Some of the initial tests proposed by the paper include mimic phrase, hum tune, sing part of song, repeat accent (which may be challenging for the less gifted mimics among us), change tone or speed (of voice), clear throat – or whistle.
It should probably be considered that, except in rare cases, the potential victim may not be familiar with certain possible perturbations of the attacker’s voice, such as throat-clearing, or the quality or tone of their singing voice, and that generic substitution in the training set could arguably block these detection vectors.
However, vocal contortions that leave the core voice intact, such as accent attempts, the pronunciation of unusual phrases (for instance, foreign language phrases that are unlikely to have been included in the model’s training data), or changes in tone, seem likely to remain effective in any putative automated detection system.
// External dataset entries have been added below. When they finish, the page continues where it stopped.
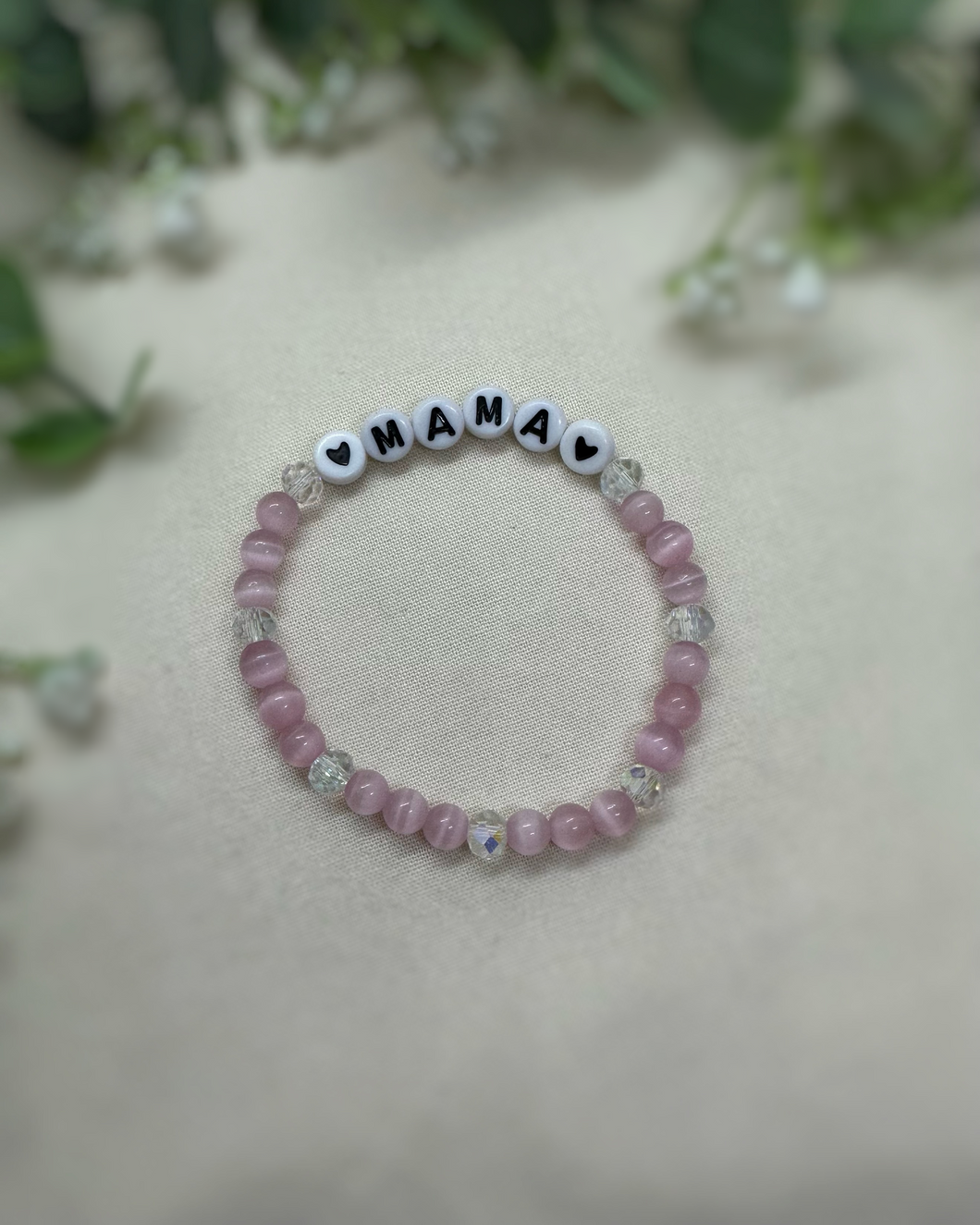 MAMA pink cateye pre-made bracelet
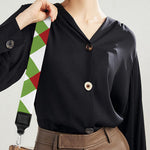 Merry Christmas Checkered Pattern Print Bag Strap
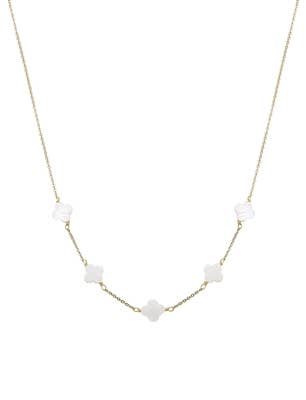 Gold Chain with Pearlized Clover Shell 16"-18" Necklace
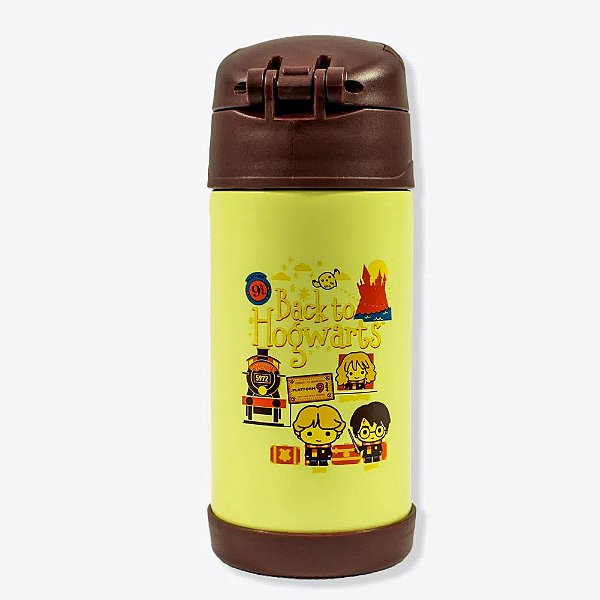 Garrafa Click com Canudo 300ml Back to Hogwarts
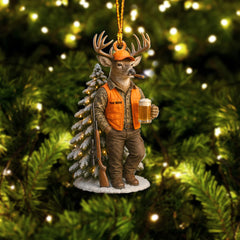 Maxcorners Deer Hunter Christmas Ornament, Custom Name Hunting Ornament, Beer & Buck Holiday Decor, Gift for Hunters and Outdoorsmen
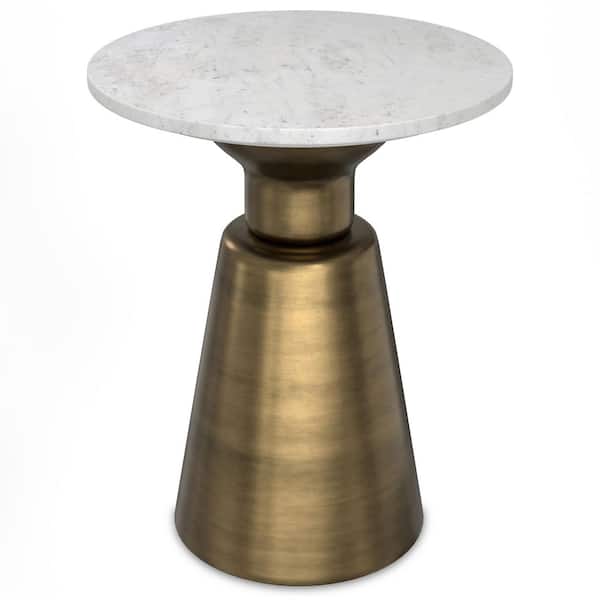 Leyla Modern Contemporary 16 in. Wide Metal Side Table in Antique Brass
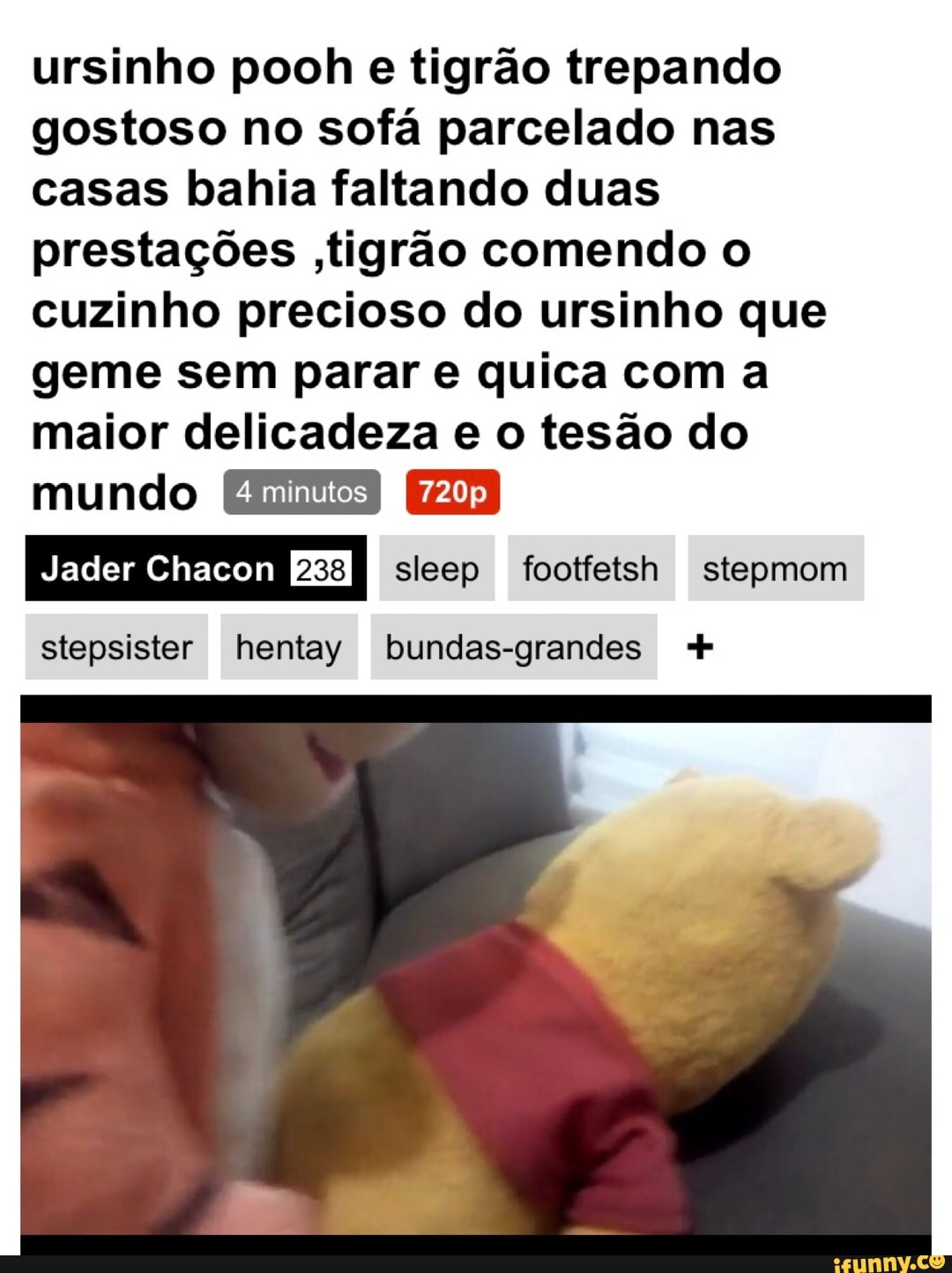 Ursinho pooh e tigrão trepando gostoso no sofá parcelado nas casas bahia  faltando duas prestações ,tigrão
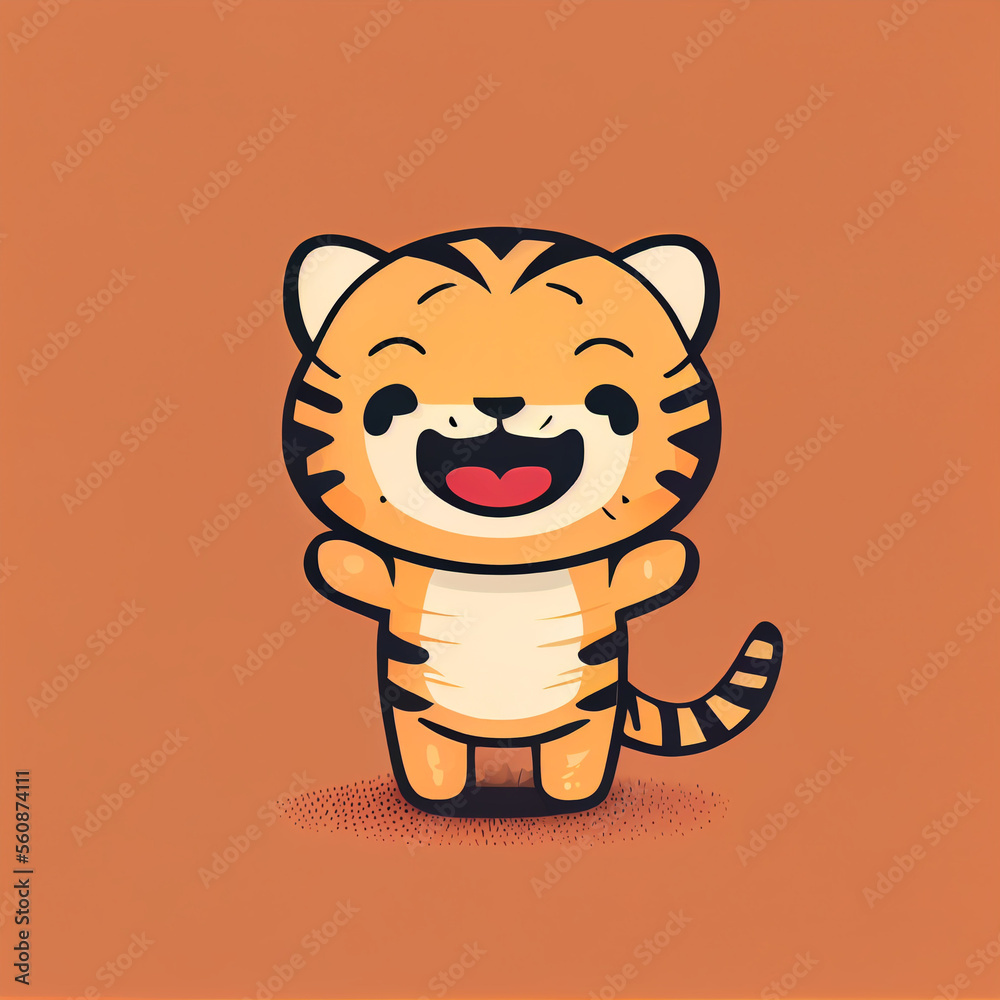 Cute happy chibi tiger, generative ai Stock Illustration | Adobe Stock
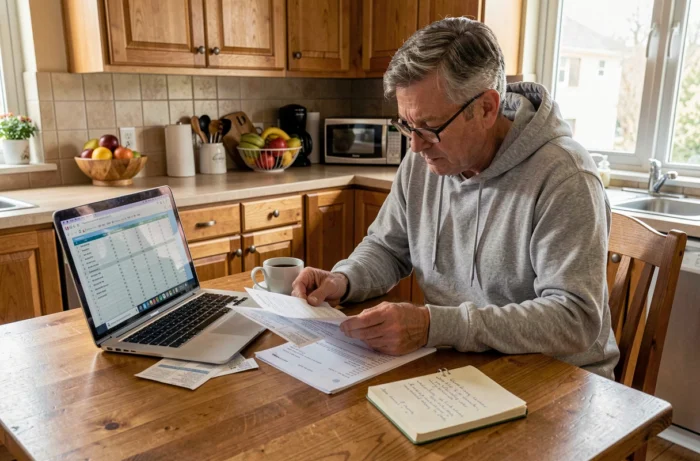 Homme gérant son budget familial avec des documents et un ordinateur portable dans une cuisine moderne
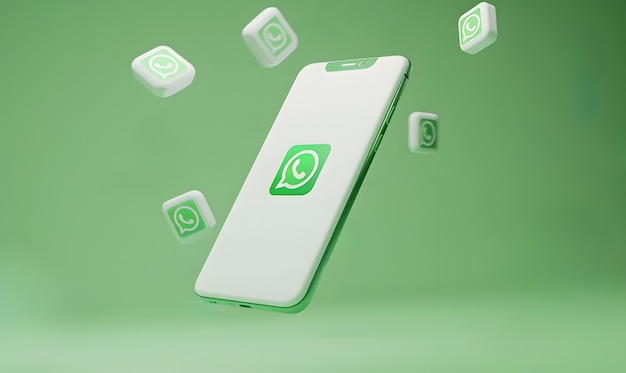 WhatsApp logo sobre smartphone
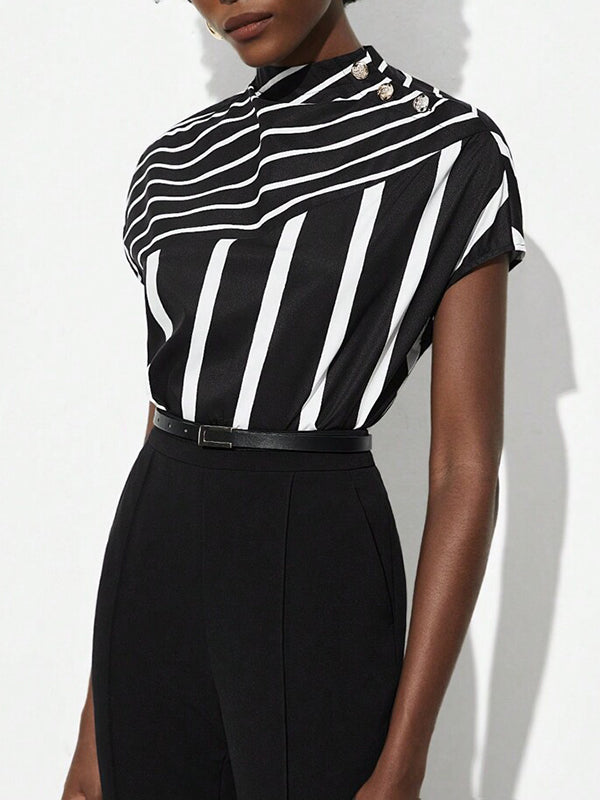 Asymmetric Split-Joint Striped Batwing Sleeves Loose High Neck T-Shirts Tops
The paper’s author observes that a CAPTCHA-style system of this kind has a notable advantage over traditional architectures, in that it is not obliged to dumbly monitor an entire stream of content for potential anomalies or ‘tells’. Rather, it can prompt a specific test from the challenged communicant, and force the test material to take place within a time-frame and under circumstances that the system, rather than the challenged user, controls.
The new paper also illustrates the extent to which the security research community has until now concentrated on artifacts that may reveal the deepfake process, such as mesoscopic properties, spatial-domain notch filtering , sequential patches, frame-level features, and transferable distribution characteristics, among many other frame-based and temporal approaches.
The locus of effort in deepfake detection has until very recently concentrated on the potential societal impact of fully-rendered deepfake videos, which can enact their deceptions on their own terms, and which are relying on the (arguably diminishing) credulity of a general public that still believes the camera never lies.
However, if you can make a potential deepfaked caller do whatever you want for at least a few seconds per test, the detection proposition begins to significantly favor the supposed victim rather than their attacker.
There are, in effect, no limits to the hoops that such an approach can make a caller jump through in order to authenticate them, while there are very definite limits both on the availability of training data that could encompass such a wide range of bizarre requests, and on the ability of a performant model to integrate and execute them flawlessly.
The only major problem to enacting deepfake CAPTCHA systems over popular communications channels is that the current crop of ‘concerning incidents’ may yet be too infrequent and marginal to force the change. Sadly, it may be that we need a bigger headline.